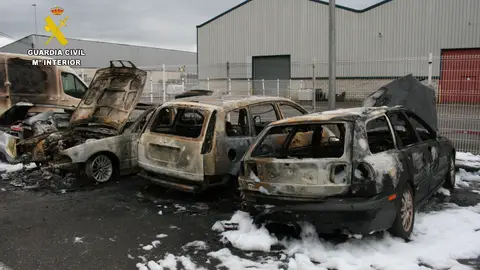 Detenido por incendiar vehículos en un polígono de Siero Detenido por incendiar vehículos en un polígono de Siero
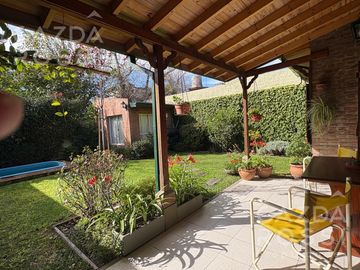 Casa en  venta en Adrogue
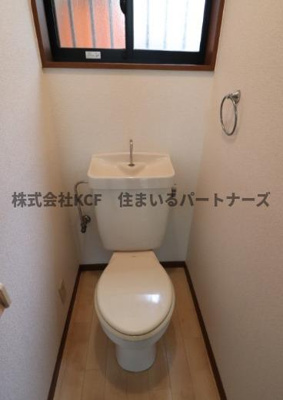 【トイレ】 | コーポレーヴ | コンパクトで使いやすいトイレです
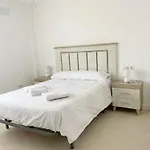 Amplio Apartamento En Torremolinos By Bebalmy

#### EXERCISE DETAILS
The expected output is the lines from the line that contains "コーポレーヴ | コンパクトで使いやすいトイレです" through the last line of the material, reproduced exactly, with both ends present and pictures absent.

#### FINAL ANSWER
 【トイレ】 | コーポレーヴ | コンパクトで使いやすいトイレです
 Amplio Apartamento En Torremolinos By Bebalmy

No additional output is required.